**EXTRACTED INFORMATION**
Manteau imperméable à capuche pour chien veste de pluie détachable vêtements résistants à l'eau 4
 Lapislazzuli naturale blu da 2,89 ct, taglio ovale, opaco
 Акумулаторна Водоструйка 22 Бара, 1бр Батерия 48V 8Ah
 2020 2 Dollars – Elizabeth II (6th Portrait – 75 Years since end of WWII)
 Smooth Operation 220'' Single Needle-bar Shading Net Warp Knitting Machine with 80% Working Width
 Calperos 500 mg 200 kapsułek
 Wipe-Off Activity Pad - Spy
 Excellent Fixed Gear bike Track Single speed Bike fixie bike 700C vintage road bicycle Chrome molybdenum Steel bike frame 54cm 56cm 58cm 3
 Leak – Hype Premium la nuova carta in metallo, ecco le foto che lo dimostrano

**EXERCISE DIRECTIONS**
In the listing above, find the line with "2020 2 Dollars" and the line with "Wipe-Off Activity Pad - Spy", then reproduce both and every line between them exactly.

**ANSWER BOX**
 2020 2 Dollars – Elizabeth II (6th Portrait – 75 Years since end of WWII)
 Smooth Operation 220'' Single Needle-bar Shading Net Warp Knitting Machine with 80% Working Width
 Calperos 500 mg 200 kapsułek
 Wipe-Off Activity Pad - Spy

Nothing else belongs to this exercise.